Juntei a proposta da Oficina (terminar com a frase do Camões: "Para tão longo amor, tão curta vida.” ) com a história que meu aluno Elemar, de TL II, contou em aula - algo parecido realmente ocorreu. Deu no seguinte:
O capítulo das maçãs
Era no tempo em que frutas davam em árvores do seu próprio quintal, ou – muito melhor – do quintal do vizinho. Em São José do Cedro, fruta que dava era caqui, laranja, goiaba. E bergamota – coisa de se comer na hora em que se tira do pé, sob o sol tímido de julho no Sul. Bom pra cortar a gripe, diziam as avós.
O tempo assim se ia, no devagar-depressa da troca das safras. Bom mesmo era achar um pé temporão de qualquer coisa. Sabor de saudade.

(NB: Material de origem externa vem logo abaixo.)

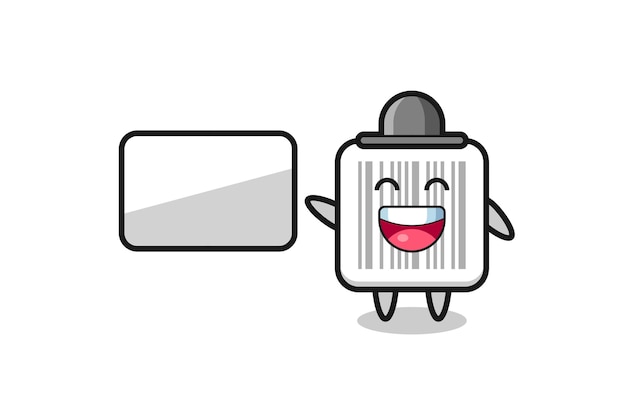 Premium Vector | Barcode cartoon illustration doing a presentation ...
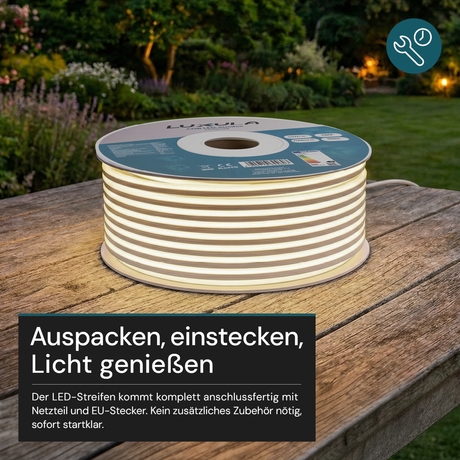 COB LED-Streifen, 25 m, 5000 K neutralweißes Licht, IP65-wassergeschützt, 288 LED/m, 220 V AC, EU-Stecker, 10 W/m, kürzbar und erweiterbar, Außen/Innen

Para os meninos, tinha escola. Pouca, que o serviço na roça era muito. Vencia-se a cartilha ou talvez um pouco mais, mas só para aqueles que tinham tutano. Era caso do Lúcio. O piá tinha mania de perguntador, de engasgar os tios e corar as tias. Aprendera a juntar as letras na folhinha da venda do Seu Beckenkamp e no Almanaque Sadol.
Na escola, essa tal de cartilha encucou o menino. Havia umas coisas que ele não entendia. Dizia que o Ivo viu a uva. Seu tio era o Ivo, e na casa dele não havia uva. Onde vira então? Na primeira oportunidade, não se sofreu:
- Tio, o senhor já viu uva?
- Olha, aqui no Cedro não. Que história é essa?
- O livro da escola diz que “Ivo viu a uva”. É mentira, né?
O tio engasgou. Ele não tivera escola, mas se está no livro é certo. É outro Ivo. Com certeza é de outro Ivo que estão falando. Quem haveria de conhecê-lo? Ele, um colono.
Lúcio deixou por isso mesmo. A desconfiança no livro aumentava. Havia também uma tal de maçã. A professora ordenou à classe um desenho. Era lição de casa. Ele nunca vira maçã. Escutara na missa que era fruta de Adão e Eva. Imaginou-a vermelha. Uma bergamota vermelha foi o que desenhou. A professora reclamou que aquela maçã estava muito esquisita. Falta de capricho! Sem recreio por uma semana.
O menino cismou com aquela tal de maçã. Precisava ver uma. Pegá-la, cheirá-la, mordê-la. Escreveu seu desejo em uma plaquinha de madeira. Depositou-a ao pé do cedro. Não custava: se o povo dizia que dava certo...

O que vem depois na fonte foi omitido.